To do => Output the listing exactly, without its pictures.

Recorded information =>

☆ ☆ ☆ ☆ ☆ ☆ ☆

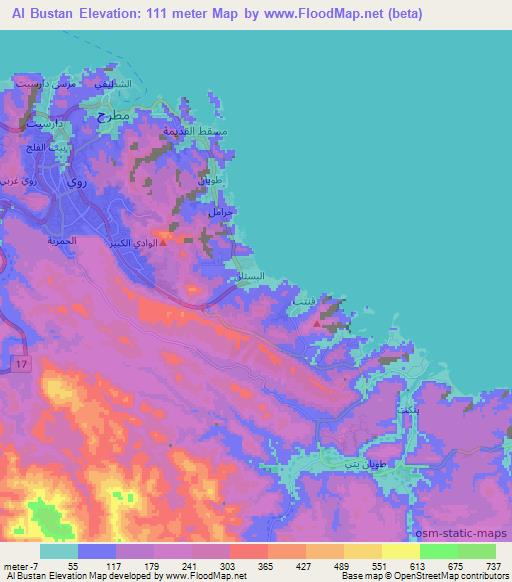 Al Bustan,Oman Elevation Map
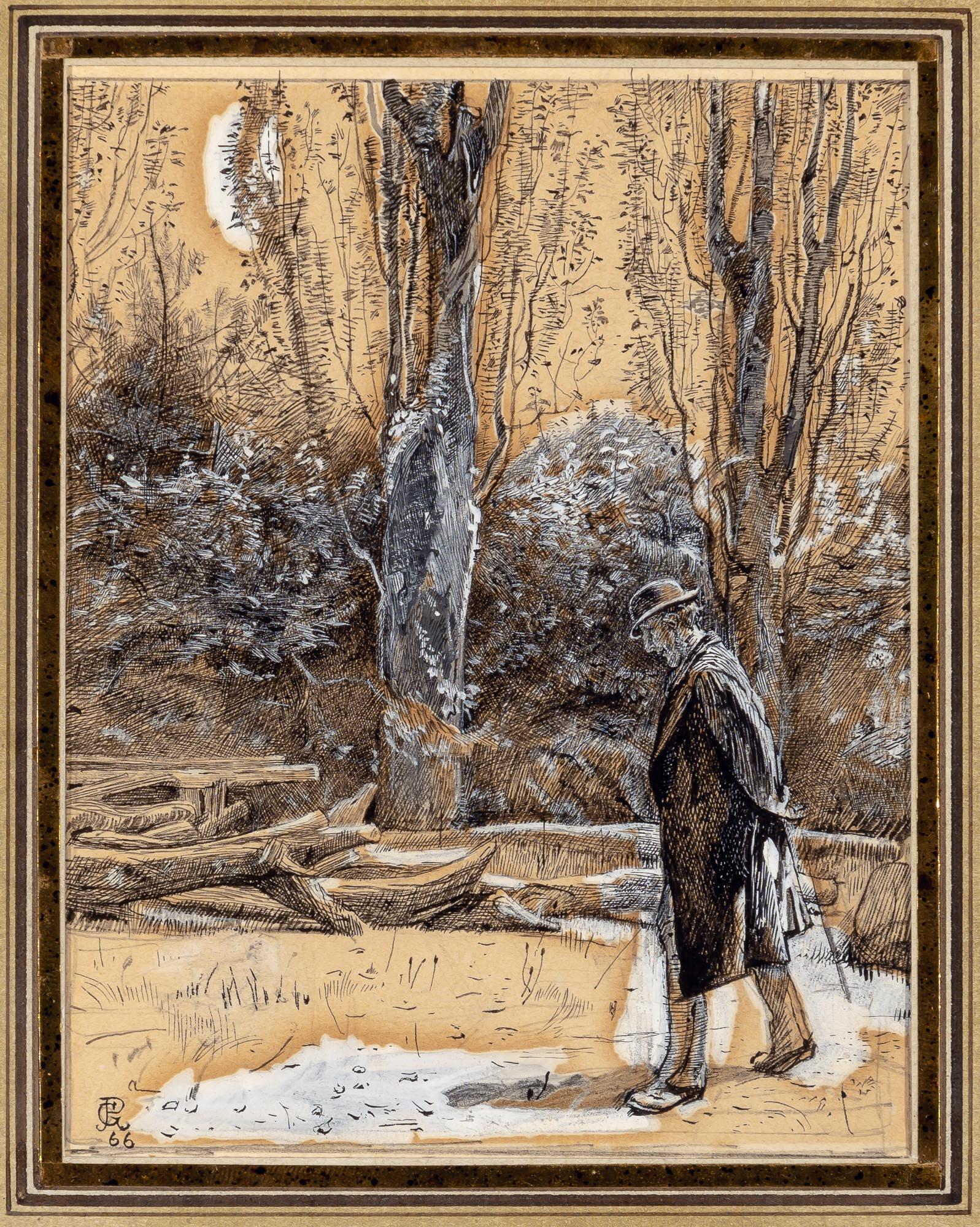 George John Pinwell British, 1842-1875 A Man Walking (1 of 4)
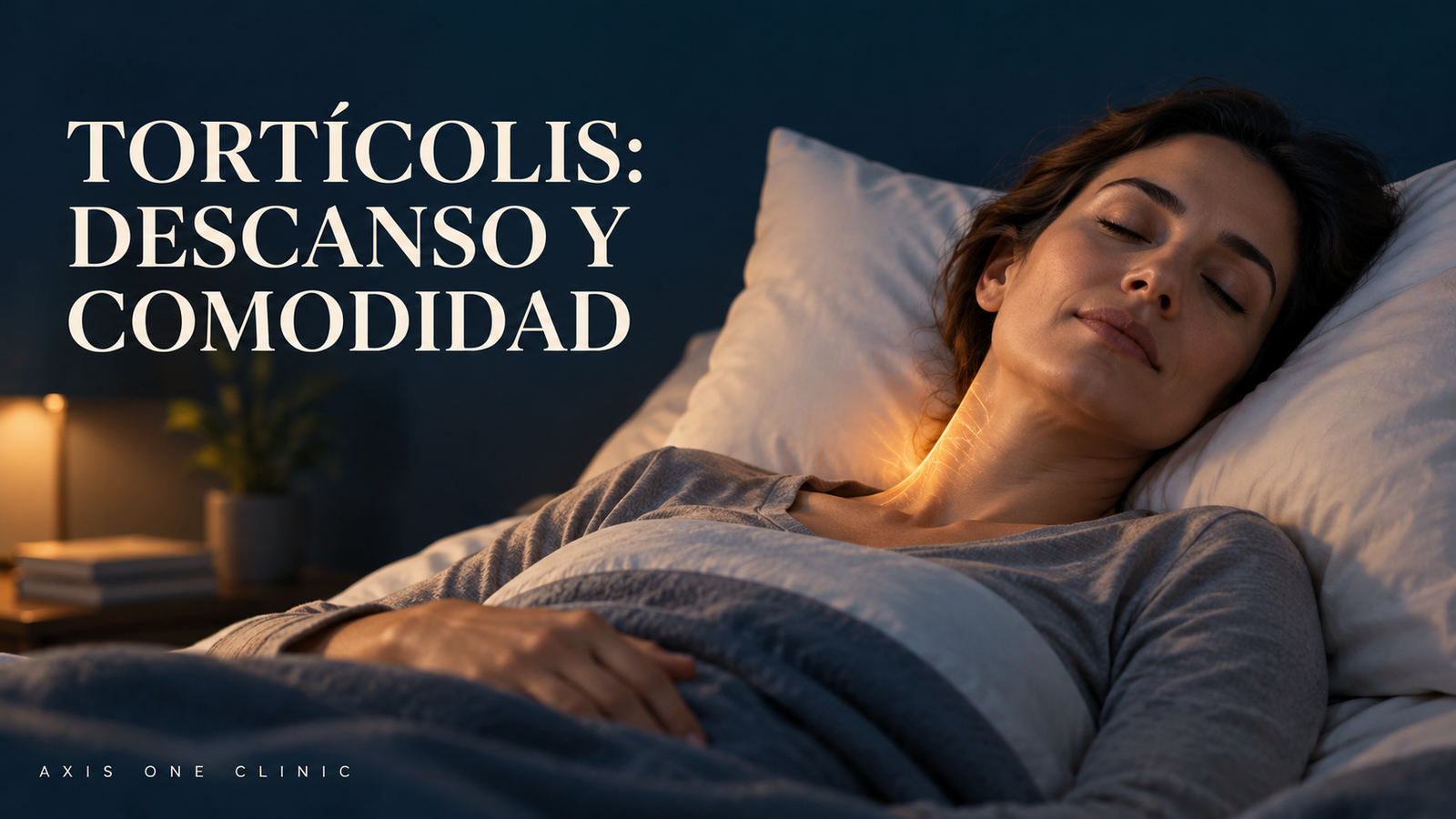 Persona descansando en la cama con el cuello apoyado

☆ ☆ ☆ ☆ ☆ ☆ ☆

Answer to the exercise =>
 Al Bustan,Oman Elevation Map
 George John Pinwell British, 1842-1875 A Man Walking (1 of 4)
 Persona descansando en la cama con el cuello apoyado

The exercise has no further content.